Italiani Cìncali! è stato inoltre finalista al premio Ubu nel 2004 e prima ancora ha ricevuto la targa commemorativa della Camera dei deputati per “l'alto valore civile del testo e per la straordinaria interpretazione”. Gli è stata consegnata durante una delle repliche in Salento dove un giorno riuscirà a lavorare - c'è la volontà - con il conterraneo regista cinematografico Edoardo Winspeare.
Perrotta ha portato di recente il suo Odissea al teatro Massimo di Cagliari. E ora torna in città per presentare Italiani Cìncali! oggi e domani alle 10,30 al Search del Municipio, grazie all'evento speciale che il Cedac ha organizzato per le scuole in occasione dei 150 anni dell'Unità d'Italia.
Un teatro con valore civile, quindi?
«Sono stato accostato a Paolini e Celestini e mi ha fatto piacere, ma i nostri sono tre modi diversi di fare teatro e inoltre non esiste un “teatro civile”, bensì due grandi categorie: il teatro fatto bene e quello fatto male. Essere uomo di teatro significa avere delle priorità e volerle trasmettere agli altri. Per me c'è stato il bisogno di tornare a casa che ha poi coinciso con la necessità di raccontare l'Italia».
Cioè?
«Avevo una personalissima urgenza: non volevo fare teatro civile ma raccontare il Salento degli emigrati. Un'esperienza vissuta in prima persona, a dieci anni, quando facevo la tratta ferroviaria Lecce-Milano, affidato alle famiglie in partenza per andare a trovare mio padre che lavorava in Lombardia».

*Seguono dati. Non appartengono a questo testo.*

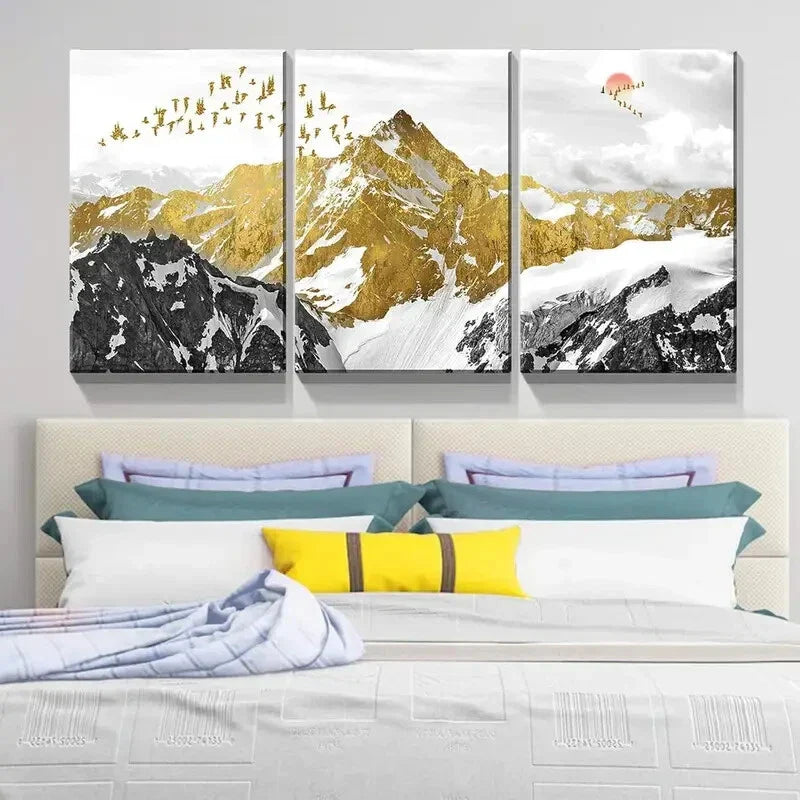 3pcs Black and White with Golden Birds Metal Print Ready to Hang Art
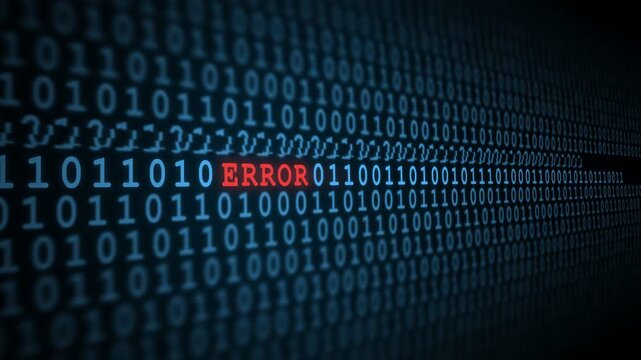 A red warning word highlighted within a massive matrix of binary code representing software bugs and system failures during high speed data processing operations across global networks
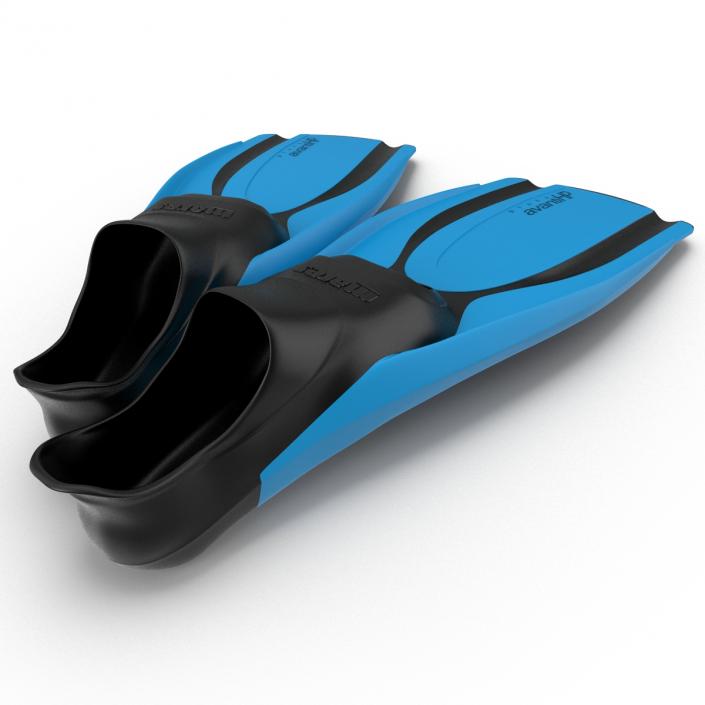 3D Swim Fins 2 Blue 2 model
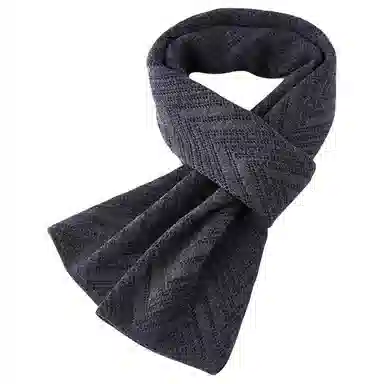 玖纪 纯羊毛加厚保暖纯色 绒线围巾 男款 礼盒装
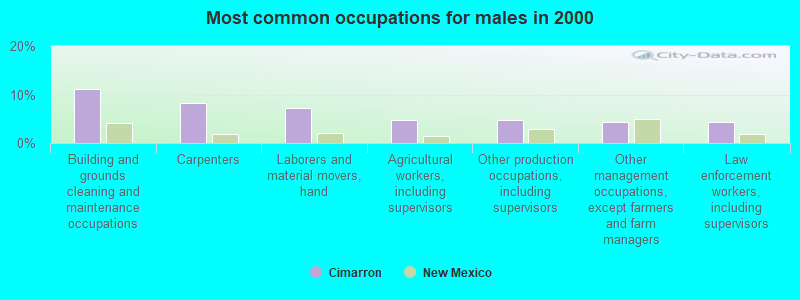 Most common occupations for males in 2000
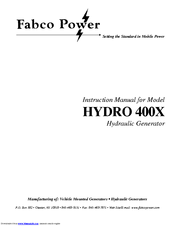 Fabco Power HYDRO 400X Instruction Manual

Un viaggio lungo con tante storie?
«Ho vissuto questa gente, i loro sguardi svuotati che si illuminavano quando arrivavano in Puglia e vedevano le distese di mare e ulivi nel loro viaggio di ritorno a casa. Io ho potuto scegliere di andare via, altri no. Ho voluto raccontare con gli occhi di chi non aveva quella scelta».